The first half hour passed in curious pondering -- what on earth would grind the flow of speeding cars on the highway to a complete halt? The second half hour was spent in anger and revolt over what our family, assembled in the car, termed "the usual Third World chaos" where even a cross-country highway is subject to congested traffic. Mom was getting extremely irritated and urging Dad to solve the situation. With her growing impatience to start driving off again, eager to arrive at the hotel where she would be able to take those darn shoes off, shower and head for tea and gateaux at the lakeside -- a legitimate concern by all means -- she was sure there was something that the head of the family, the one responsible for our happiness and well-being, could do. Dad looked quietly at the sky, in the direction of the sun. Signs of worry emerged on his face as the dimming sphere was about to set in the horizon, casting a growing darkness over the bleak, flat landscape. At this rate, he said, we would never get to the hotel before dark, and the prospect of driving at night with three females in the car, without any means of defence, on the Mexican highway, was drowning my father's face in a heavy frown. My sister and I had only one concern on our minds: a bathroom.

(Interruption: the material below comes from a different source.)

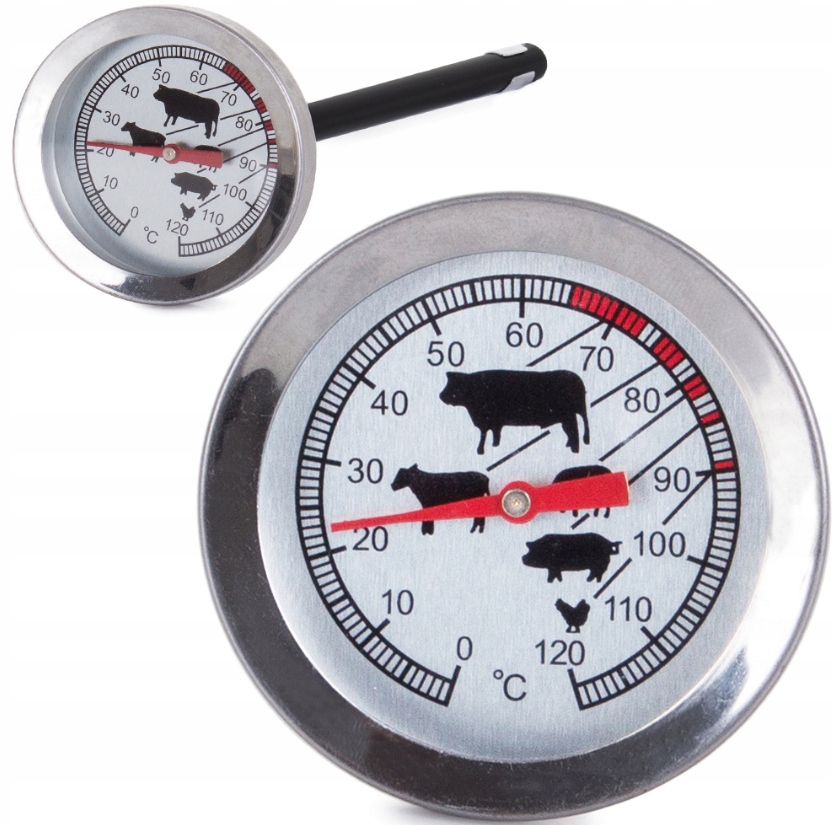 

Termometr Do Pieczenia Mięsa Wędzarni Grilla Sonda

As the minutes flowed, we became more vocal. "I am not kidding Dad!! I need the bathroom NOW!!" Dad, of course, tried to divert the attention: every time we verbalised our physical agony he began singing a song, or suggested we play a word game, or mentioned our friends back in Cairo. He wondered how many decades it took for the rain to fill the crater of the extinct volcano that has now become the lake on which our destination hotel was built. "How many years do you think, Nadine?" Silence. "Ok. I understand. And Injy, can you take a guess?" "Dad, I will die RIGHT NOW if I don't get to a bathroom, and for God's sake, the last thing I need to hear about is rain and lakes and water."
Dad gave up. We had been sitting there for two and half hours now. Not even he could distract us anymore. But the worst part was that, since we did not know what brought this situation about, we also had no way of knowing how long it would last. Mom had fallen asleep an hour and a half after we stopped. Dad was probably contemplating what he would do in case of real trouble (at the beginning of the trip, by way of vivid car conversation, he had relayed to us what had happened to a colleague of his at the Ministry of Foreign Affairs when his wife and parents-in-law came to visit him in Mexico -- a gruesome tale involving lustful highwaymen, guns, and other terrible things that ended in calamity).

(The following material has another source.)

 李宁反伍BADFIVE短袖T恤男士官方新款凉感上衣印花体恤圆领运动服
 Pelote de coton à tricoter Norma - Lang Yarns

I still have no idea what thoughts my sister entertained to keep bathroom images out of her mind, but I distinctly remember that I mentally conjured possibilities that would pale the predicament in which we found ourselves. The best way to forget being stuck with an exploding bladder was to think of how worse it could be. I thought of earthquakes. We had an earthquake almost every week in El Salvador, where we were residing back then. And how many times did we not jump out of bed in our nightgowns and ran down to the garden during an earthquake to find ourselves in the presence of driver, cook, gardener, maid and housekeeper (all in their nightgowns) exchanging greetings, and exclaiming "dios mio" as the earth rumbled beneath our feet? What if it were to happen now? What if the earth were to crack under these multitudes of cars, as it once did, inflicting a permanent scar that ran the length of our terrace's marbled floor? That was how I diverted my attention away from the tears now streaming down my contorted face. I was not crying. I interpreted this purely physical phenomenon as my bladder finding a release.

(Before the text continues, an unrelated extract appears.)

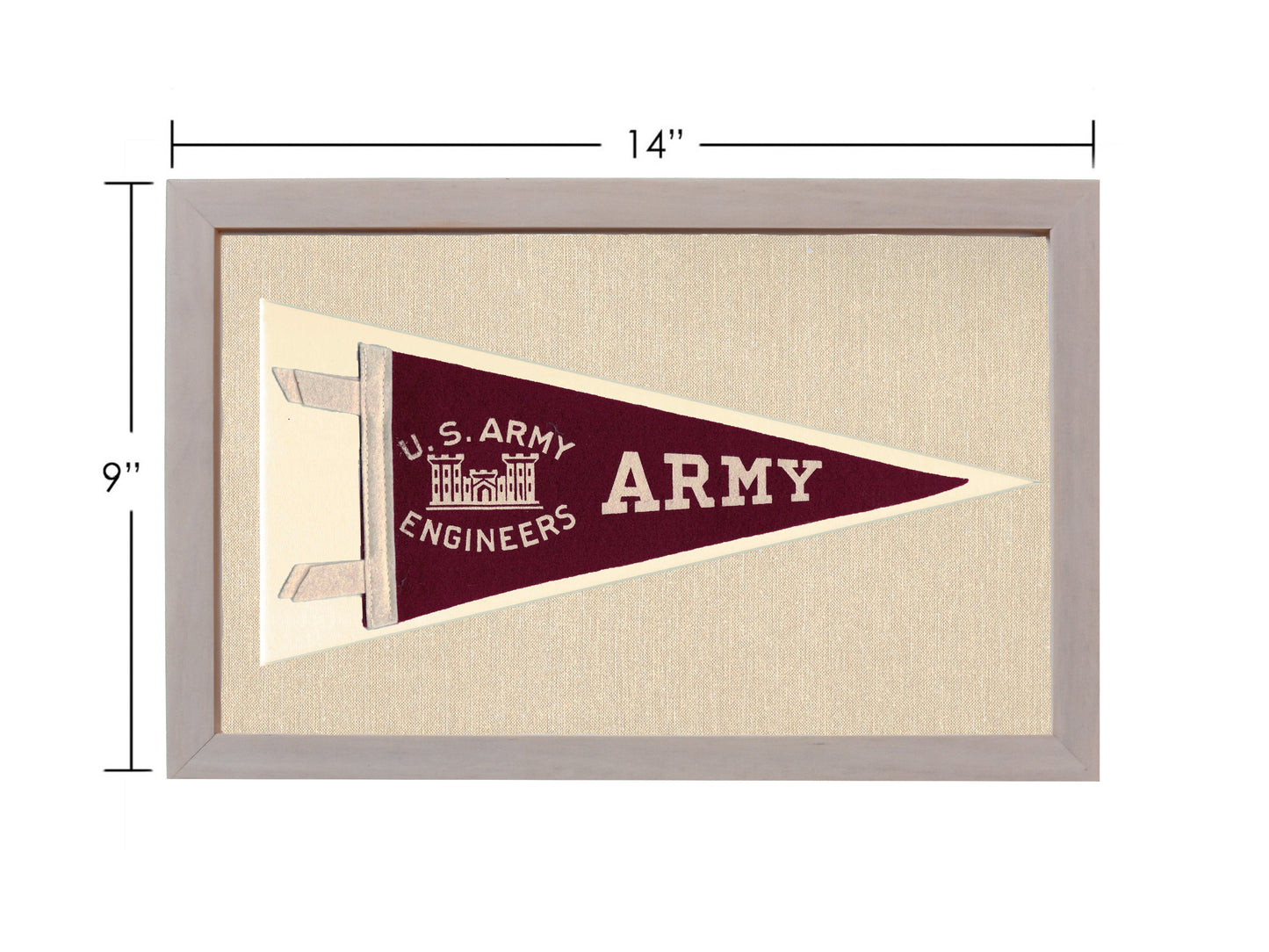 Vintage US Army Pennant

Finally, Dad spotted a man walking back to his car -- surely he must have some news. And he did. The man had left his eldest son behind the wheel and walked forward, adamant to find out what exactly was the problem. A group of workers from a nearby village were lying on the ground across the highway in protest against the new machinery delivered recently which resulted in a handful of their colleagues becoming "unnecessary" and losing their jobs.
Whether or not the man explained to the villagers that their terrible plight was not our fault I will never know, but within a few minutes I heard my Dad turning the car engine on and we were able to roll again. Granted, 15 minutes later my sister and I had to use a bathroom that even our scariest nightmares could not have produced, but at that point we were not willing to sacrifice our bladders, kidneys and mental health for such trivial considerations.